Now let’s have a look at the current Readability checks and let’s go through each one of them:
- Transition words
Using transition words like “most importantly’, ‘because’ and ‘therefore’, you improve the flow of your article as they provide hints to the reader about what is coming next.
- Sentence beginnings
If any of your consecutive sentences start with the same word, it would feel repetitive to your reader and this could be annoying
Always keep your sentences varied, so your article is readable and free of obstacles. Unless you want to prove something or use it as a writing style, of course.
- Flesch reading ease
This world-famous test analyzes texts and grades them on a scale from 1-100. The lower the score, the more difficult it is to read the text. Texts with a very high Flesch reading ease score (about 100) are very easy to read. They have short sentences and no words of more than two syllables. Usually, a reading ease score of 60-70 is believed to be acceptable/normal for web copy.
- Paragraph length
A lot of people use extremely long paragraphs and that makes your text daunting as it becomes just one big blob of text. So what you have to do is, break it up, use shorter paragraphs, and don’t forget to give your core sentences some thought.
- Subheading distribution
Similar to long paragraphs, texts without subheadings are difficult to scan, which makes them rather daunting. So, Yoast checks if you use enough subheadings to guide your readers through the text and help them find what they’re looking for.
- Sentence length
Sentence length is one of the core aspects that can make a text hard to read. If most of your sentences are too long – over 20 words – people lose track of your point. Readers often have to jump back a few words to find out what you mean. This is very tiring and inefficient. Try to keep the number of words in a sentence in check. Shorten your sentences. Aim for easy understanding, not a complex literary masterpiece.
- Passive voice
Using a lot of passive voice in your text makes it appear distant, and your message will be less clear. Your sentences become wordy and difficult because the sentence structure is harder to understand. Whenever you use the passive voice, always consider whether a better, active alternative is available.
How to use the readability analysis in Yoast SEO
You can find the readability analysis in your Yoast sidebar and in the Yoast meta box underneath the post or page you’re editing.
It’s very easy to use the analysis to improve your content. You can just start writing the article you want to write. The readability score is calculated in real-time, so you can look at it while you write. However, if you want to stay focused, you can also choose not to look at the score while you’re writing your first draft.
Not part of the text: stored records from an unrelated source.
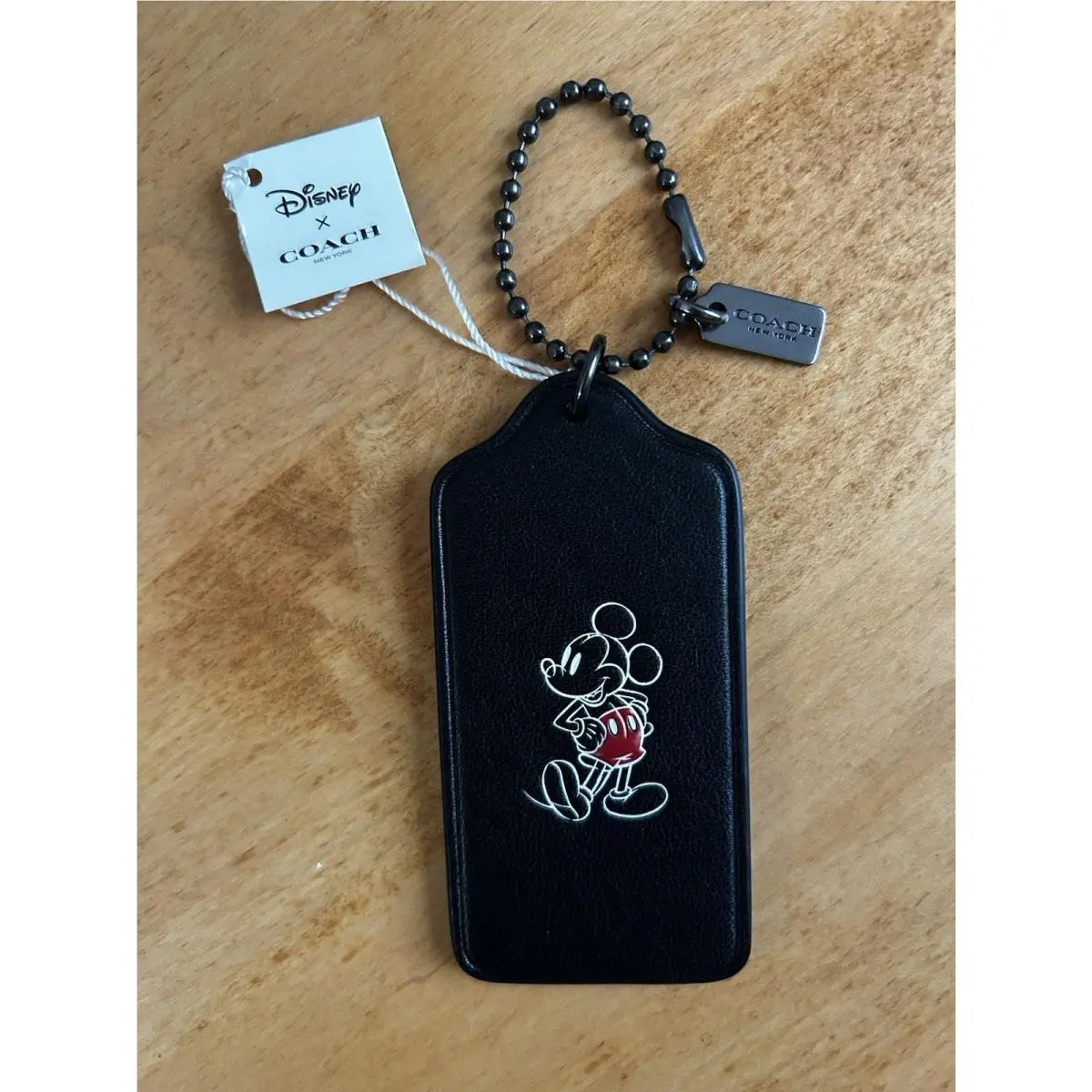 Coach Disney X Mickey Mouse XL Black Leather Hangtag Charm F59153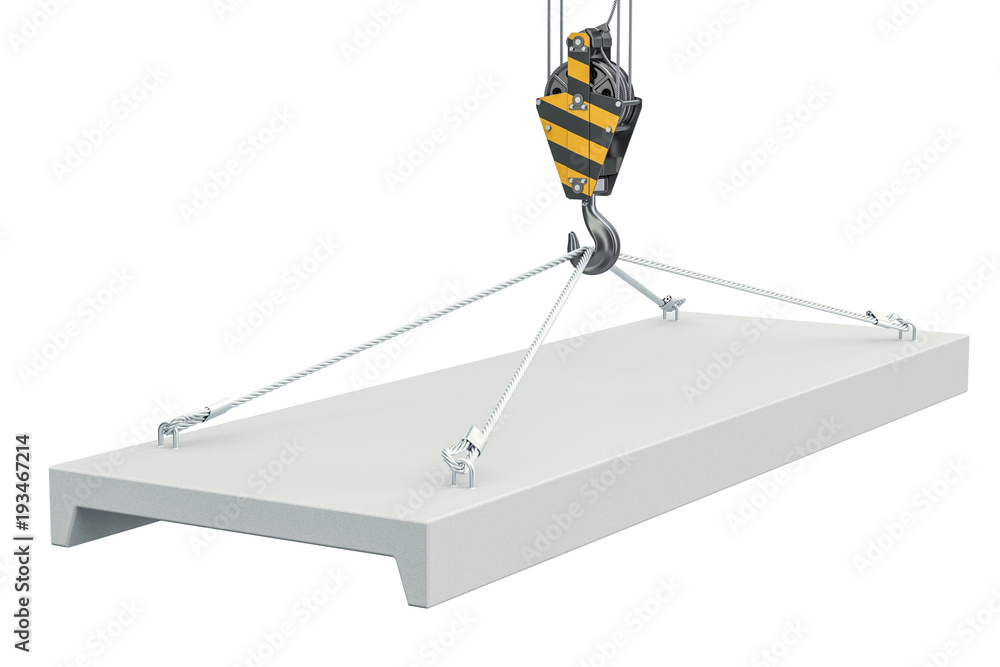 Poster crane hook with concrete slab closeup. 3d rendering
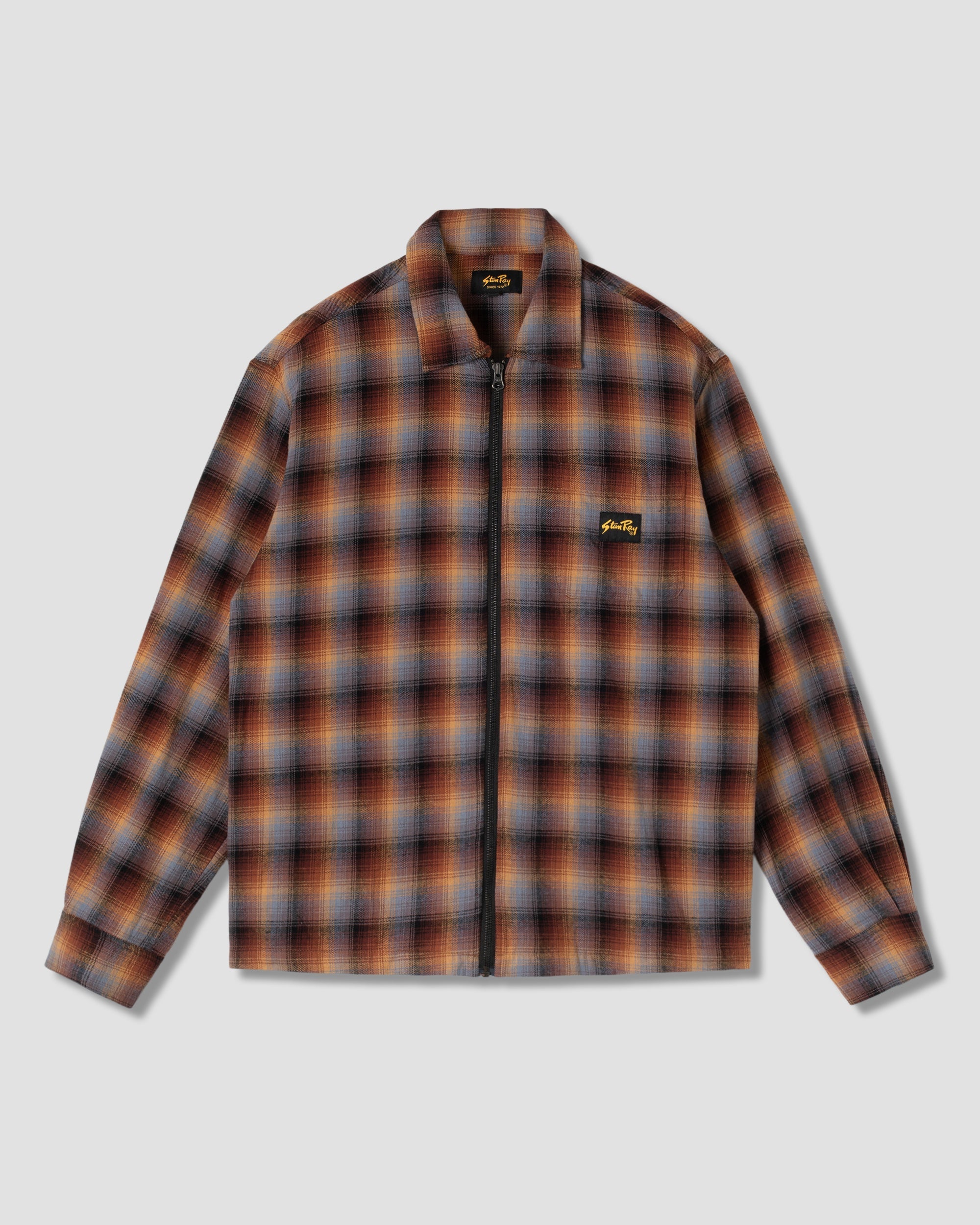 Zip Shirt - Brown/Blue Plaid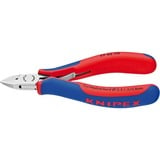 KNIPEX Elektronik-Seitenschneider 77 42 115, Elektronik-Zange rot/blau, reibungsarme Doppelfeder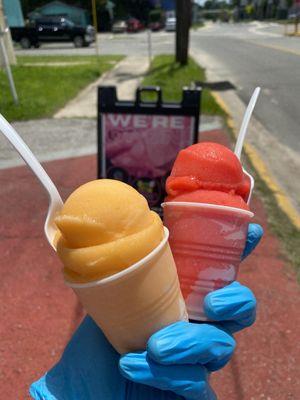 Our mango and cherry water ice.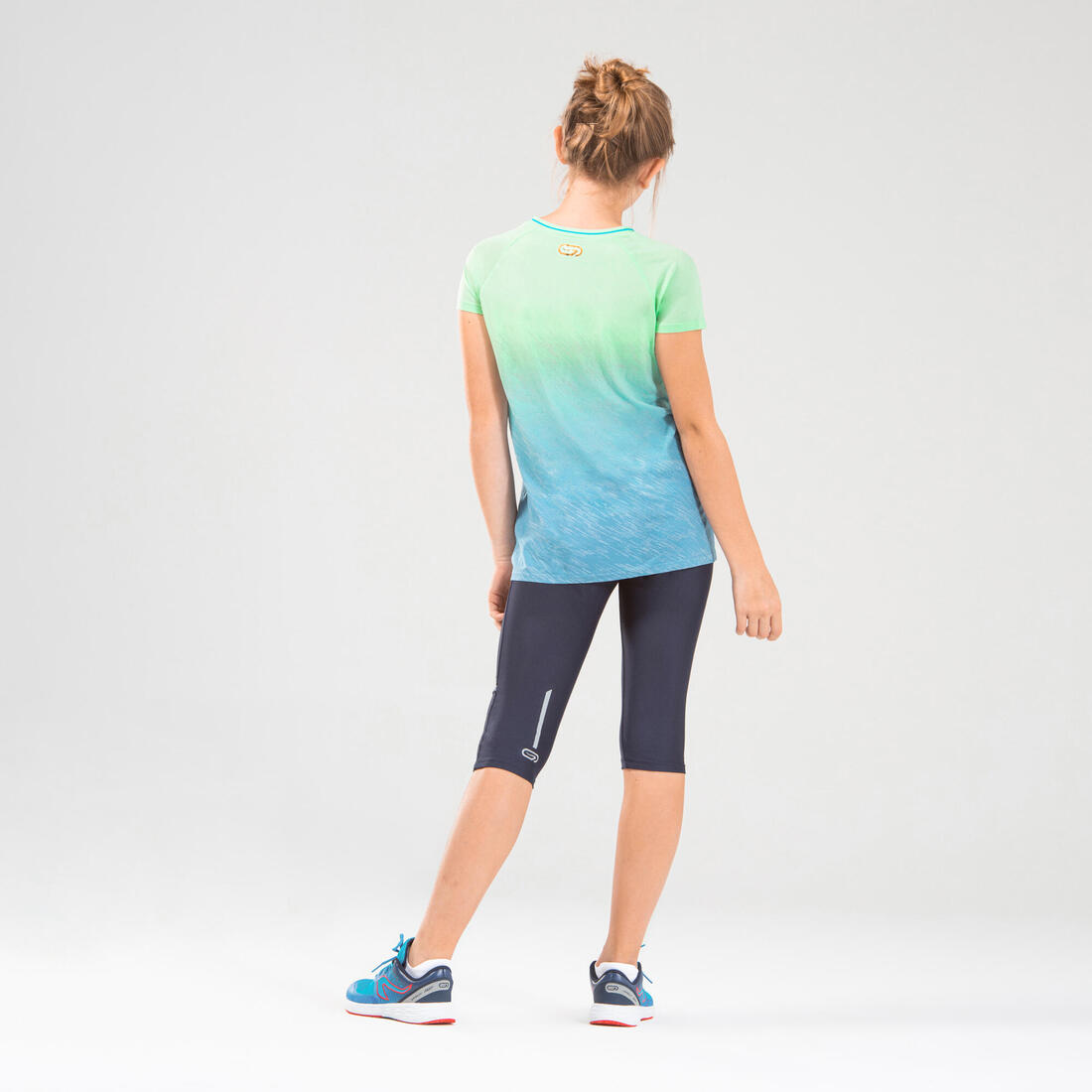 Tee-shirt manches courtes fille running et athlétisme KIPRUN care turquoise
That way you can write without being distracted and make the final tweaks afterward.
The readability score helps you by giving you a green, orange or red bullet per check. If you get an orange or red bullet, just click on the eye icon to find out where improvements can be made.
Everyone has their own writing and editing process, and this way isn’t necessarily how you should use it. For instance, you might be targeting a Flesch level of 80. If so, you have to find out what works gradually. When using the readability tool for a while, you’ll notice that you’ll automatically get a feel for the level you are aiming for. Practice makes perfect!
This concludes the on-site SEO optimization. Were you aware of what on-site SEO optimization was and have you ever tried it? I know that for some this might seem like a mountain to climb but once you make the first step, the rest will be easier to understand and implement.
I would love to hear your thoughts on what you think of this guide on on-site SEO optimization and if there are some things you might want to add.